------ Entries supplied
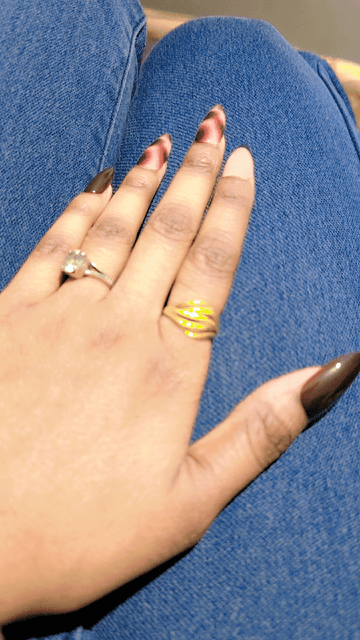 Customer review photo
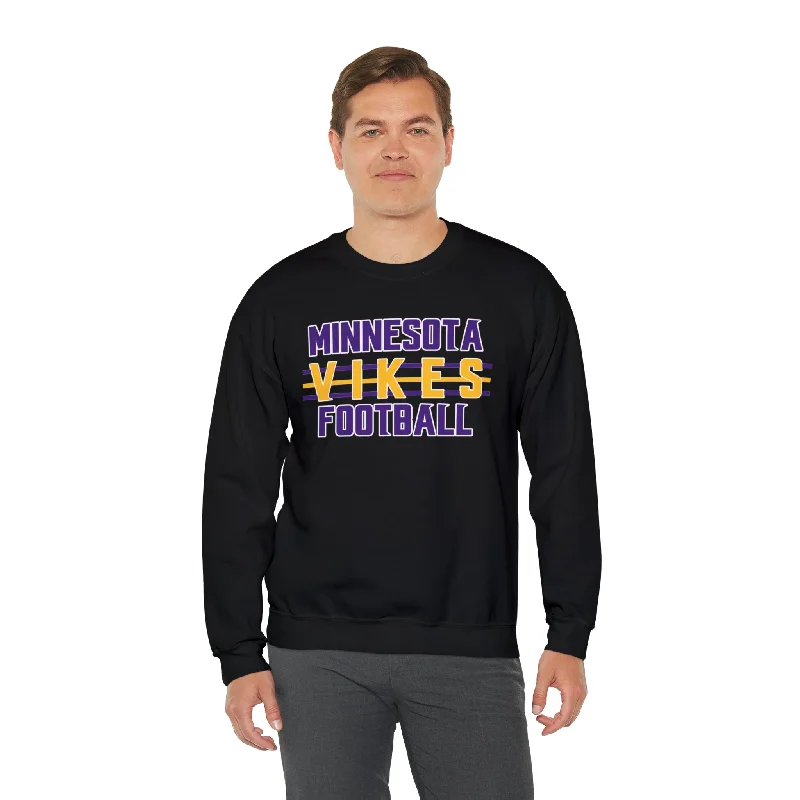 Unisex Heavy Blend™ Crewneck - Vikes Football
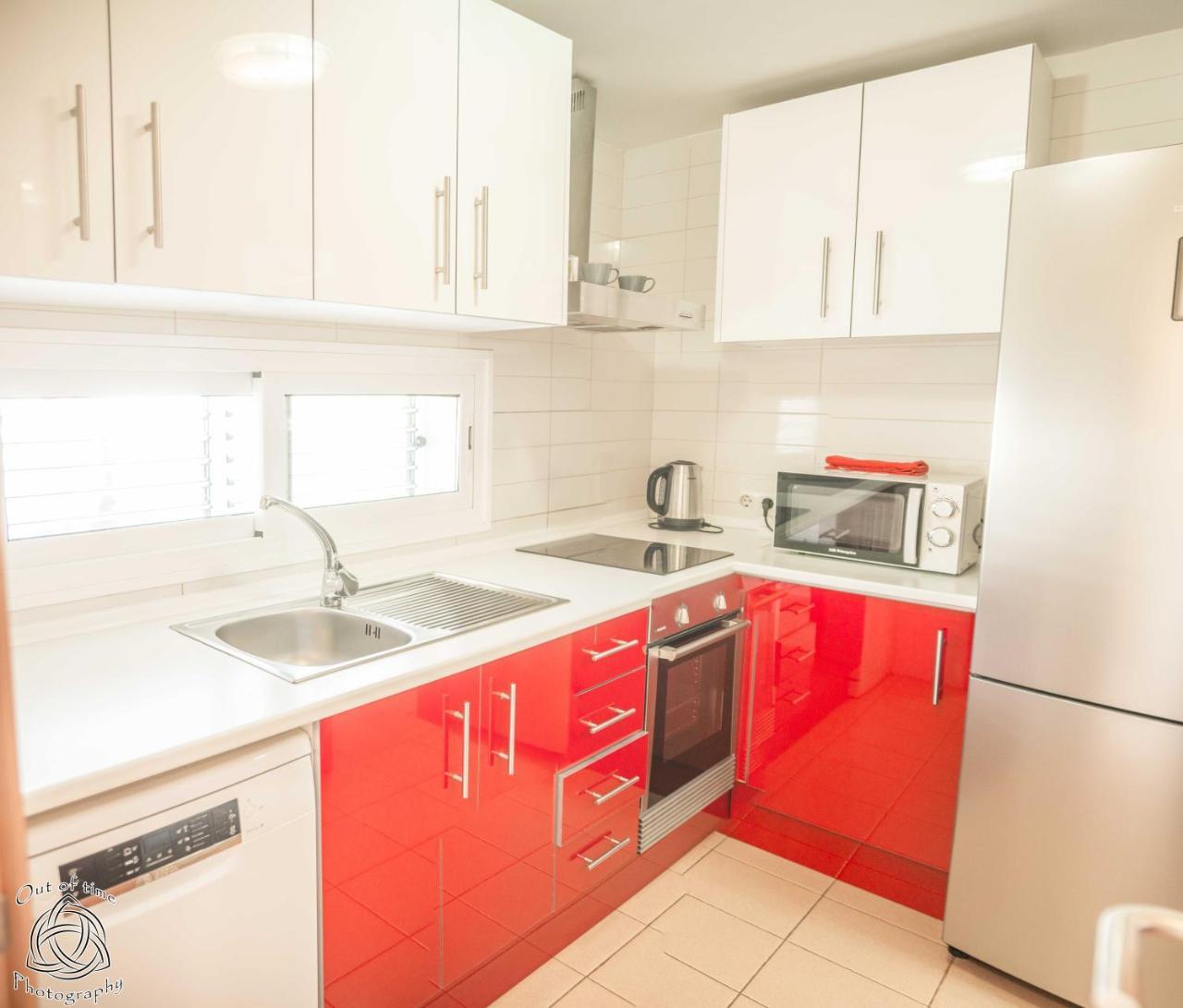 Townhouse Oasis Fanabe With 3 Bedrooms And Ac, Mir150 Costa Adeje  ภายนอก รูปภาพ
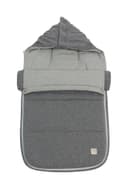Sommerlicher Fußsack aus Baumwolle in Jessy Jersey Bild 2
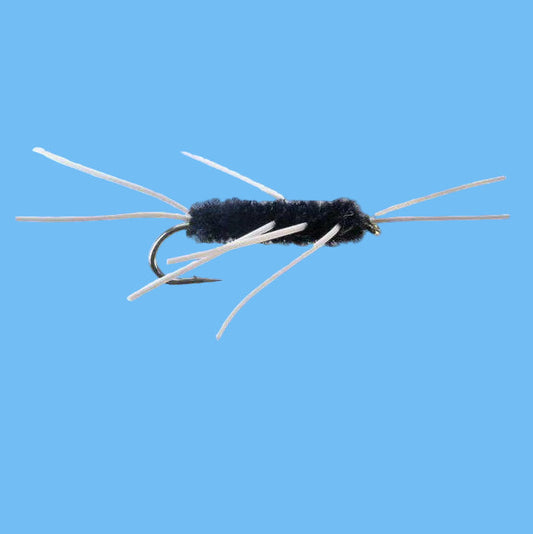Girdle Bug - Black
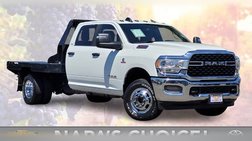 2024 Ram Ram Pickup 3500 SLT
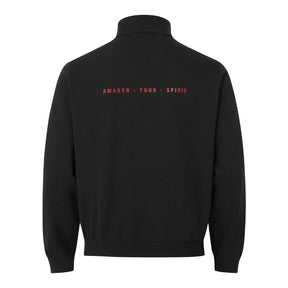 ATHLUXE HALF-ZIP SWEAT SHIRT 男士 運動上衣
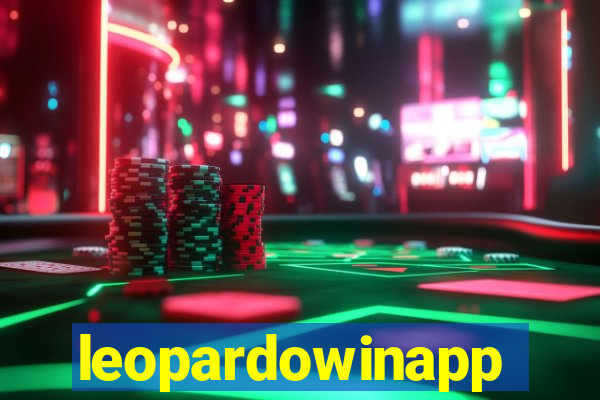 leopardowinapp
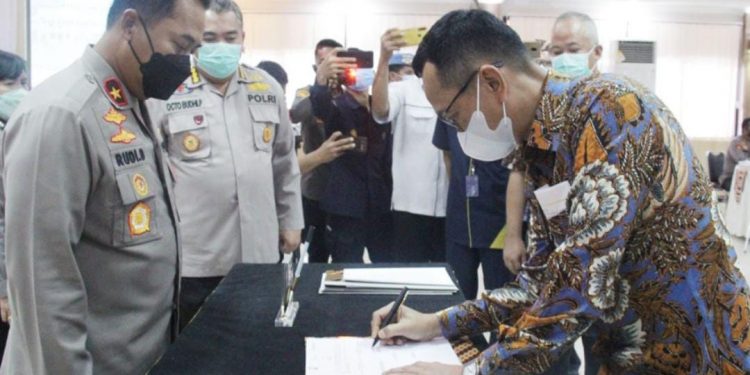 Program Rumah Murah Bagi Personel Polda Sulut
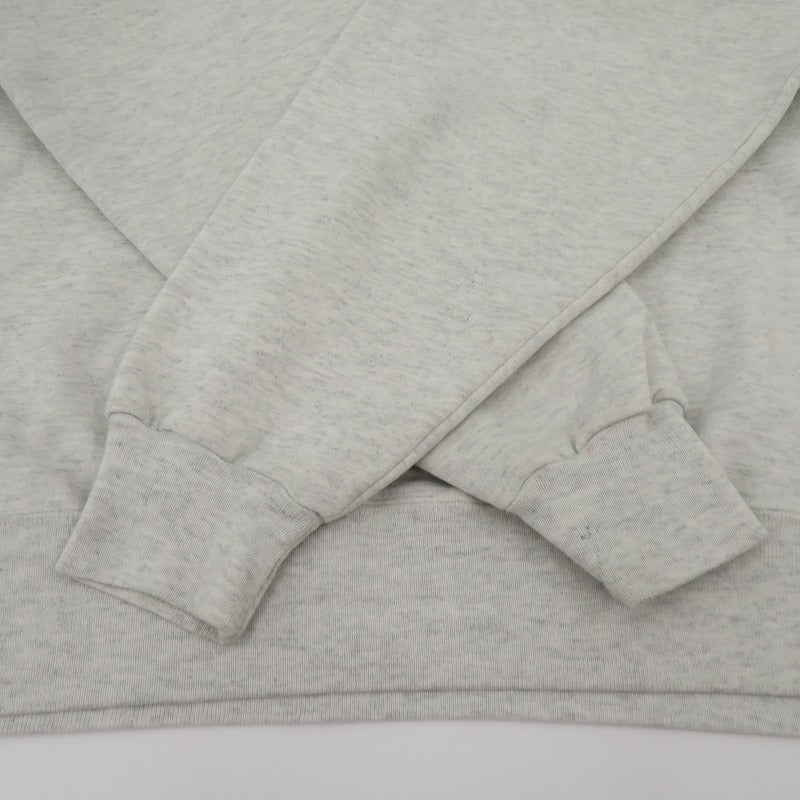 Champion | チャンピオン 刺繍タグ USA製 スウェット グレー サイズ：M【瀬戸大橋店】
------------
▶ [Exercise directions] I would like you to retype exactly the lines running from the one containing "Sommerlicher Fußsack aus" to the last line of the entries, both included, leaving all pictures out.

▶ [Exercise answer]
Sommerlicher Fußsack aus Baumwolle in Jessy Jersey Bild 2
Girdle Bug - Black
 2024 Ram Ram Pickup 3500 SLT
 ATHLUXE HALF-ZIP SWEAT SHIRT 男士 運動上衣
 leopardowinapp
 Program Rumah Murah Bagi Personel Polda Sulut
 Champion | チャンピオン 刺繍タグ USA製 スウェット グレー サイズ：M【瀬戸大橋店】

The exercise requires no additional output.